Reviews

Countess

Gregory Murphy’s play, The Countess,
was well received in the US, playing for 634 performances. I fear, however, it will fare less well in the West End.

I suspect American audiences were charmed by the piece’s strange British world, which occupies a middle ground between the catty drawing rooms of Oscar Wilde and the tightly laced restricted passion of EM Forster. This faux ‘Englishness’ probably won’t appeal to a British audience, though the central performance – which is the production’s saving grace – should.

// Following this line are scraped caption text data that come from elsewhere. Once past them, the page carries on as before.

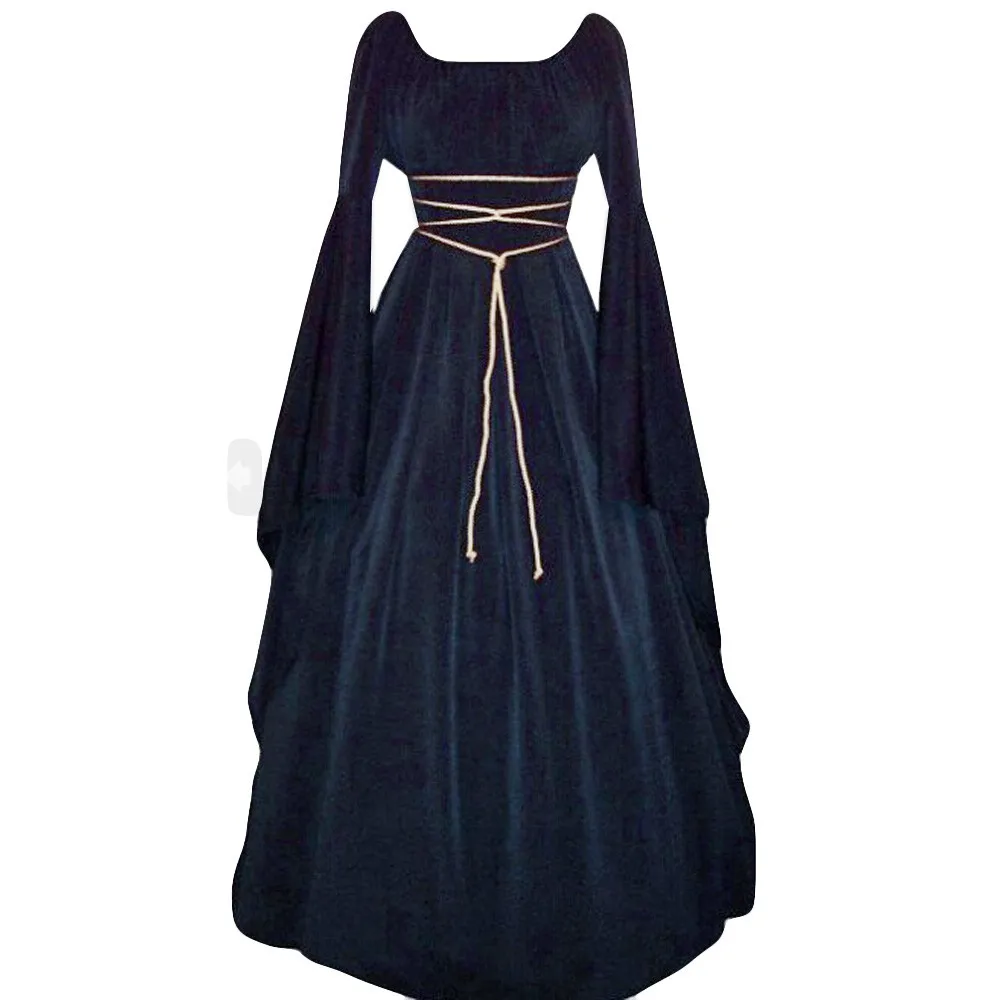 

Women Gown Halloween Dress Evening Party Long Sleeve Gothic Medieval Crew Neck Ladies Party Cosplay Dress Plus Size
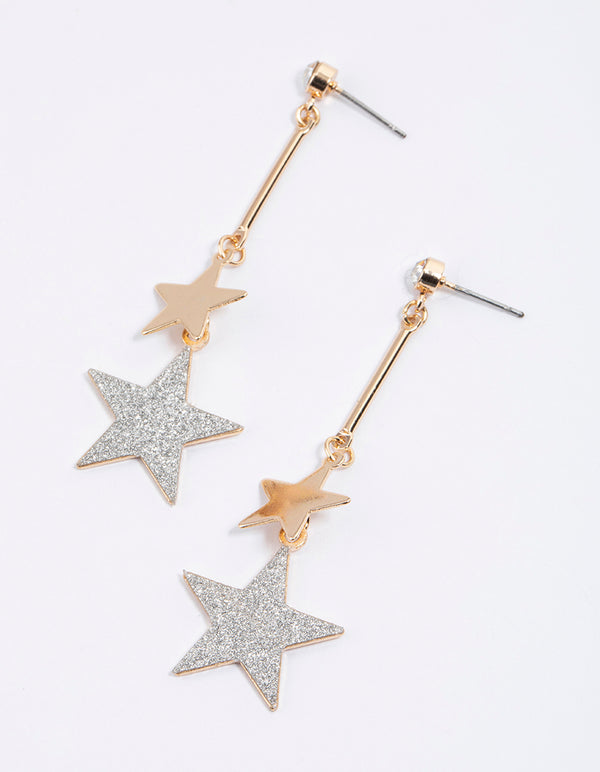 Gold Glitter Double Silver Star Drop Earrings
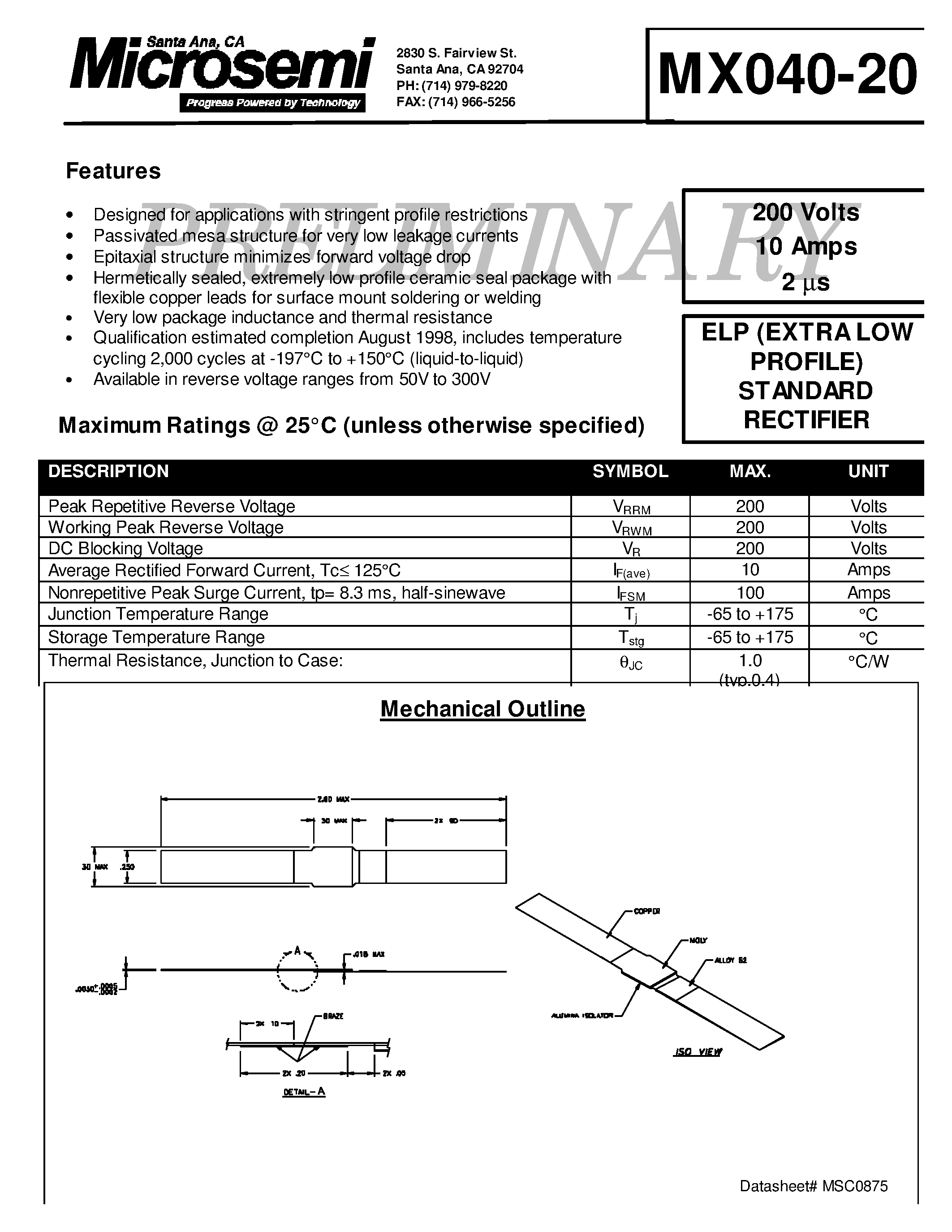Даташит MX040-20 - ELP EXTRA LOW PROFILE STANDARD RECTIFIER страница 1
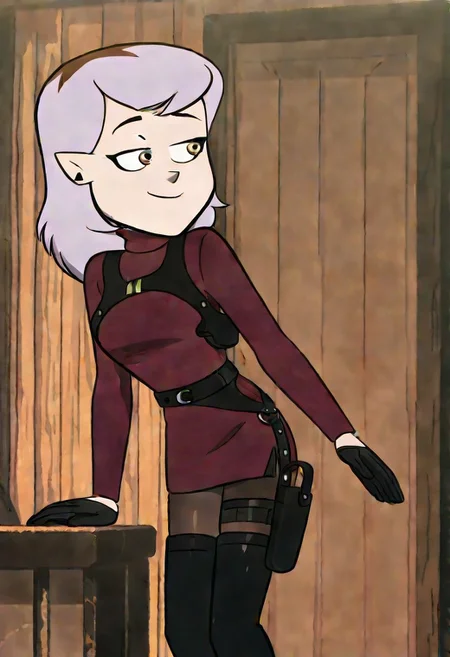 solo, 1girl, AmityBlightS3, turtleneck, sweater, harness, belt, gloves, holster, thighhigh boots, pantyhose, smile, sexy, seductive, teasing, flirting,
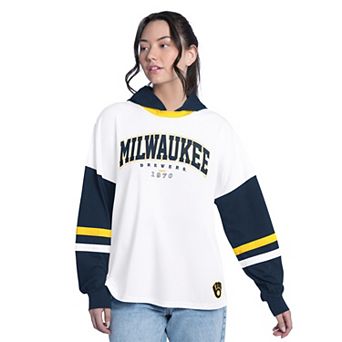 Women's G-III 4Her by Carl Banks White/Navy Milwaukee Brewers Key Player Oversized Hooded Long Sleeve T-Shirt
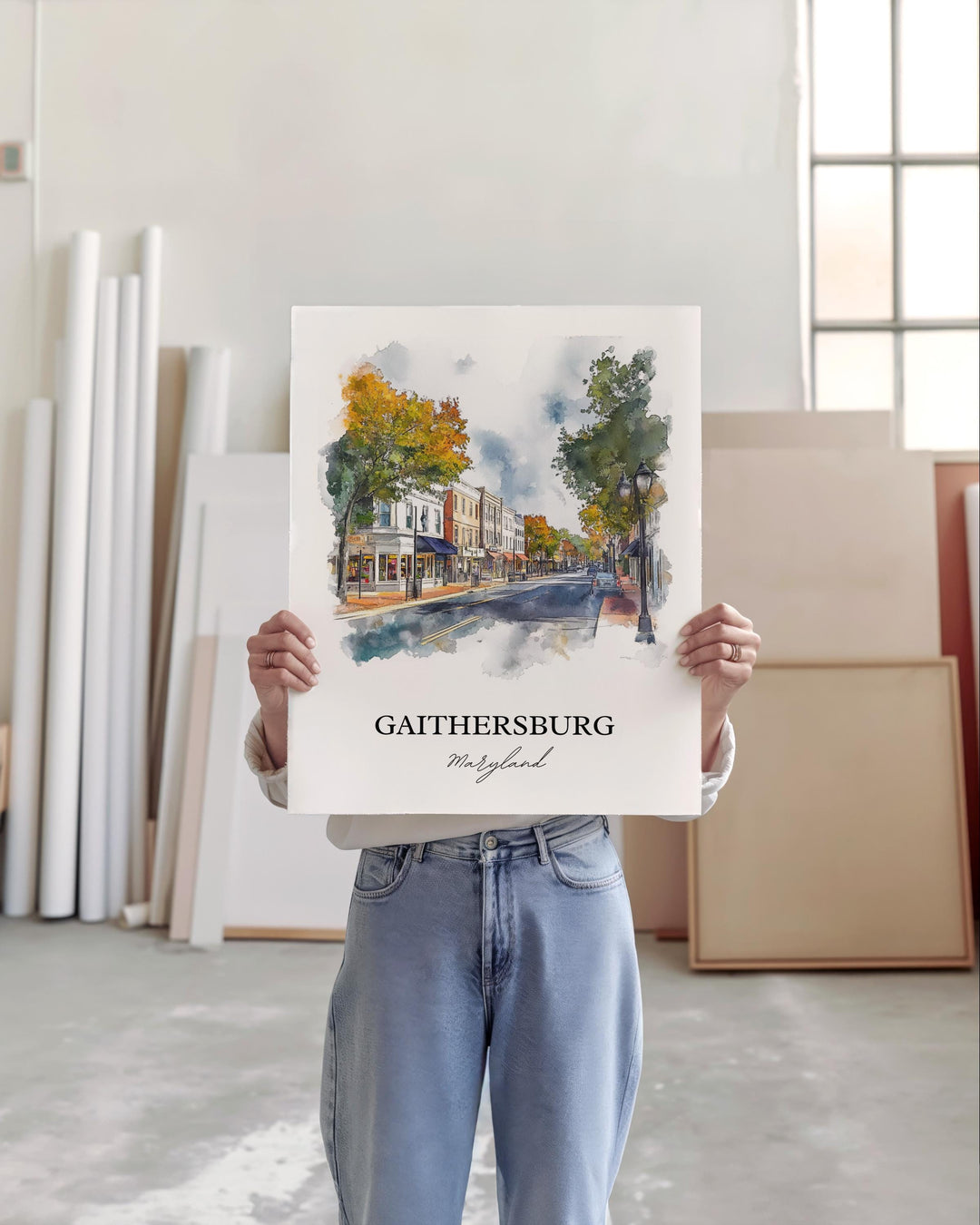 Gaithersburg Art, Montgomery County Print, Maryland Watercolor Art, Gaithersburg MD Gift, Travel Print, Travel Poster, Housewarming Gift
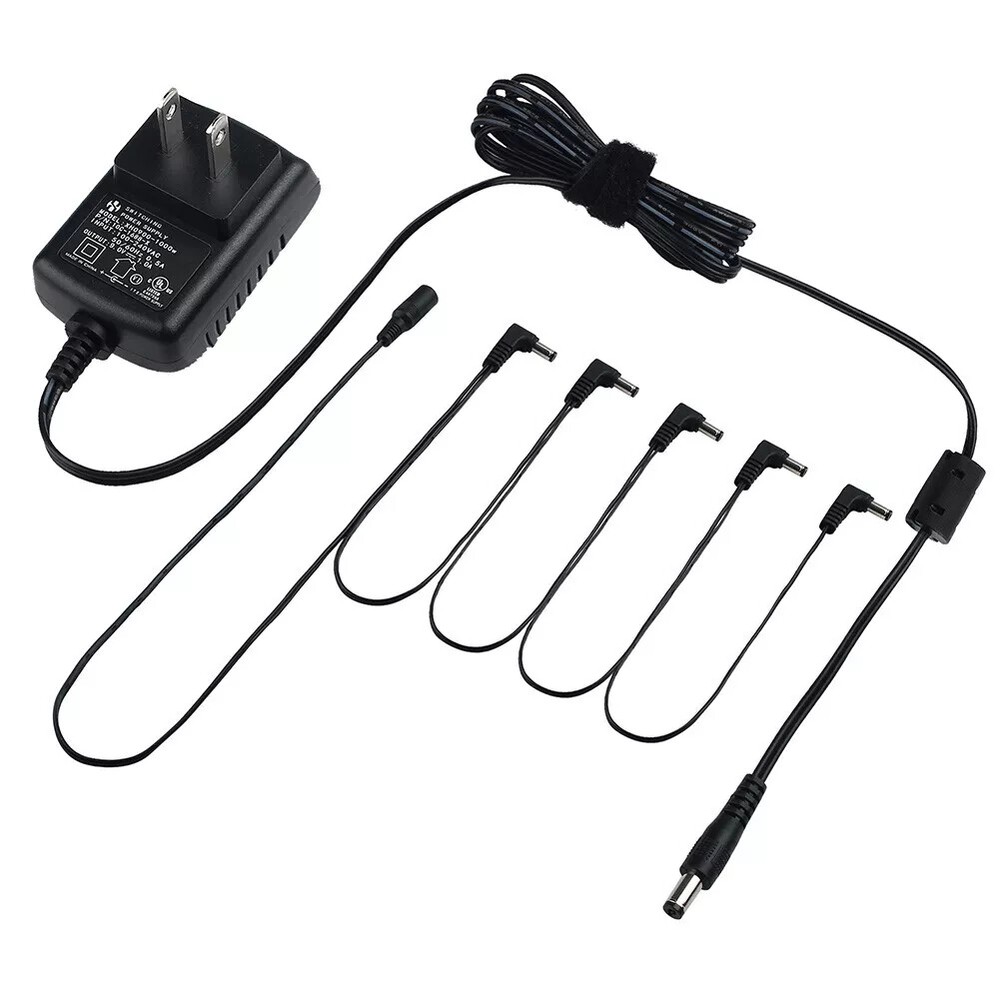 9V DC 1A Guitar Power Adapter + 5 Way Right-Angle Plug Daisy Chain Power Cable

Effie, the Countess of the title, actually existed. She was married to the essayist and orator John Ruskin, and the events of the play surround several months in the 1850s, which the couple spent in Scotland, accompanied by the artist John Everett Millais. Ruskin was a huge fan of Millais’ work, and Millais was to paint him. Over the space of the play, we witness the couple’s dysfunctional relationship – what Ruskin refers to as Effie’s ‘moods’, in fact her unhappiness in the face of his sexual rejection of her – and the blossoming of an inevitable love triangle.


Murphy has closely studied the history of these events, including letters from all the principal players, and often bits of dialogue sound ‘written’ rather than ‘spoken’ – as if from a letter, they sound rather too considered to be spoken in life. Some scenes feel cut short and their intensity is broken by Dewey Dellay’s musical interludes.


There’s also a distinct difference between the first and second half, the first set in Scotland, the second in London. It’s in the second that we get a feeling of an attempt to emulate Wilde (an impossible task), in particular through the interactions of Ruskin’s parents and other periphery characters.


On the whole, the performances have a little too much of the stiff-upper-lip about them and a wooden, unnatural air. That is except for Alison Pargeter, who is excellent as Effie, incredibly touching, dignified and passionate. Hers is a searing performance that holds your attention throughout.


However, the real problem with Ludovica Villar Hauser’s production, and Murphy’s play, is that we’re offered a version of this world that we know; the men are chauvinistic, the women at their mercy. There’s simply nothing new or challenging for an audience to discover.